Past Might be Prologue for Worldline and for Merchant Acquirer Acquisitions

private equity

As 2023 wraps up and a new year dawns, acquirers are targets for acquirers.

Europe has proven to be fertile ground for deal-making (though other markets beckon too).

And while the most recent headlines swirl around Worldline, reportedly in the crosshairs of private equity (PE) interest, there’s a history of buy-ins and buy-outs, and partial acquisitions, that signal reduced stock prices and valuations may be too tempting to ignore.

The continued transformation of payments is a long-run game, we note, that may stoke PE appetite to take these firms into the fold, help retool or refine operations, and do it all without worrying about the vagaries of stock market action.

The acquisitions are not limited to Europe, of course. As reported over the summer, FIS sold its majority stake in Worldpay to private equity group GTCR for $18.5 billion. FIS has retained a 45% stake in Worldpay, enabling cross-selling efforts between the two firms. “This transaction allows FIS to partially monetize our Merchant Solutions business at an attractive valuation and provides certainty for all stakeholders,” FIS CEO and President Stephanie Ferris said at the time. The most recent FIS report detailed a 1% slip in the merchant solution segment’s organic growth rate.

Beyond the Worldline Headlines

Worldline, of course, reduced its organic growth forecasts last month, tied in part to macro headwinds. Consumer spending slowdowns have a marked impact on transaction volumes (and so Wordline shares plunged by more than 50% after earnings were reported). In Worldline’s most recent earnings results, the company spotlighted that merchant services revenues were up 7.6% on an organic basis, as commercial acquiring showed high single-digit growth.

The Worldline news comeson the heels of reports last month that CVC Capital Partners was considering purchasing European payments company Nexi. Nexi’s shares are down roughly 16% year to date. The company said in its most recent earnings report that acquiring volumes grew across all consumption categories and the data illustrate that its merchant solutions business growth, at 5.6% in the third quarter (year over year), outpaced growth rates logged by its other segments.

This fall, British bank Barclays was reportedly mulling the sale of a stake in its unit focused on processing merchant payments, a deal that might value that business at $2.5 billion or more.

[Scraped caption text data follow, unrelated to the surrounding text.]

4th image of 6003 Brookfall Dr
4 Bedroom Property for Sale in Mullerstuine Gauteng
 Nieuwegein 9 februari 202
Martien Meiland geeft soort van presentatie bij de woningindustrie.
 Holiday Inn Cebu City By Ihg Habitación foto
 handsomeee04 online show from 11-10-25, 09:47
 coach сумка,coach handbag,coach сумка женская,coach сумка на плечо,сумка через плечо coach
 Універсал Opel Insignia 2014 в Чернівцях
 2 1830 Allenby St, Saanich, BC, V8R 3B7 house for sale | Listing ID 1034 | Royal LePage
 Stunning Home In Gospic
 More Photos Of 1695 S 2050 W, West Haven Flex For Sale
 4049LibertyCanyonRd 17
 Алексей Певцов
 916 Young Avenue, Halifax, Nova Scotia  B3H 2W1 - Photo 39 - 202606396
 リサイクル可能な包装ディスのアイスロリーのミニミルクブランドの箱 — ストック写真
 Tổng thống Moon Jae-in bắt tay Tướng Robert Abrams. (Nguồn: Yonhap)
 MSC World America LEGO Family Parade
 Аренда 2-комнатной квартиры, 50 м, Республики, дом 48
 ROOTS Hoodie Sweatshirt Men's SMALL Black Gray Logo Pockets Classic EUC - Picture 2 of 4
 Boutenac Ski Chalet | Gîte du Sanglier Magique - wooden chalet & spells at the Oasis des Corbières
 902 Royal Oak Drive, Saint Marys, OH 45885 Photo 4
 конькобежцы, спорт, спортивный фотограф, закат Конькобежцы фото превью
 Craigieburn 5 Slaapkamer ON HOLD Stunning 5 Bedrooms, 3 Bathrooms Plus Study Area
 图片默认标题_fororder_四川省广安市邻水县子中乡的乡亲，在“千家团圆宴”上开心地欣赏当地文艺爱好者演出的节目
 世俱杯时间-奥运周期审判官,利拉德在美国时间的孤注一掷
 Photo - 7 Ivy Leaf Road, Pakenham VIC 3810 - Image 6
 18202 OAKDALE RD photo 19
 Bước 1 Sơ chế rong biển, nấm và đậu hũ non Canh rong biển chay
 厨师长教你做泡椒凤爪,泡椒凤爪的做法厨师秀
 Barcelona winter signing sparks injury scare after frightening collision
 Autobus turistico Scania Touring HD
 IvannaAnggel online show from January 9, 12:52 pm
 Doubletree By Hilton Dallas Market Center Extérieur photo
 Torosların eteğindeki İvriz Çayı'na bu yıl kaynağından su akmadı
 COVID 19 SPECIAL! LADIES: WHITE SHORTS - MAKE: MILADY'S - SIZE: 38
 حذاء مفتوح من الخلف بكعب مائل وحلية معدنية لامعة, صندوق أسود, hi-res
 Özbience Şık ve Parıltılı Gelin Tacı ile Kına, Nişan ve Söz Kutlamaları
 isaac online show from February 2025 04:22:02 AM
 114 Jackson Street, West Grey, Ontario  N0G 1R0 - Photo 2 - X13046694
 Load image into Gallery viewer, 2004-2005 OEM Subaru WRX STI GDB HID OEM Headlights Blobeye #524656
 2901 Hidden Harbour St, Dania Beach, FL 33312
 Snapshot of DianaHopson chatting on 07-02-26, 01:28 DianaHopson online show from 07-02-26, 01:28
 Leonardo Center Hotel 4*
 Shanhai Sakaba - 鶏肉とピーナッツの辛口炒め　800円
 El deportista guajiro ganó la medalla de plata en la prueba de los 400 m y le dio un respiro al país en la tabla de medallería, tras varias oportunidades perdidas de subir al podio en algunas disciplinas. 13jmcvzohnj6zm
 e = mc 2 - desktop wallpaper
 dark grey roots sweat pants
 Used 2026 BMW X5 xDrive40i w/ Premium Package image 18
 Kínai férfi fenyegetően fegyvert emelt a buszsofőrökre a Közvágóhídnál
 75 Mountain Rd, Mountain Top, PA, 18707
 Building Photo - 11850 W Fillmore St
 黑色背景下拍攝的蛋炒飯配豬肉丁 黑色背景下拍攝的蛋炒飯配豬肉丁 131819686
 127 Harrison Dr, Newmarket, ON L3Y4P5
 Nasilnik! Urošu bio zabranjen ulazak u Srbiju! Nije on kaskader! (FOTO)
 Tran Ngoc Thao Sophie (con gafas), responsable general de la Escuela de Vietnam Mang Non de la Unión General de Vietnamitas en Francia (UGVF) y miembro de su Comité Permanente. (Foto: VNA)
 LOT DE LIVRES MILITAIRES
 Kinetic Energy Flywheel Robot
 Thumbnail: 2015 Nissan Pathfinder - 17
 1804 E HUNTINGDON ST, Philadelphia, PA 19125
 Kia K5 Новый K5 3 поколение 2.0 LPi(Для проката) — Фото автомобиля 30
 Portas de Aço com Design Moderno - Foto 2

And before it rebranded as Thredd, Global Processing Services two years ago raised $300 million from investment firms Advent and Viking Global Investors, giving those PE firms control of the company.

The Shifting Landscape

As noted above, declining stock prices may be drawing PE firms to kick the tires on would-be acquisitions, but there are a number of fundamental shifts in Europe governing payments — through open banking and real-time payments — that demand tech-enabled providers to meet new compliance and omnichannel demands. As more businesses go online and tap new markets, especially digitally, the merchant acquiring is gaining new visibility as merchants need to be connected to  payment networks, streamlining authorization and underwriting activities.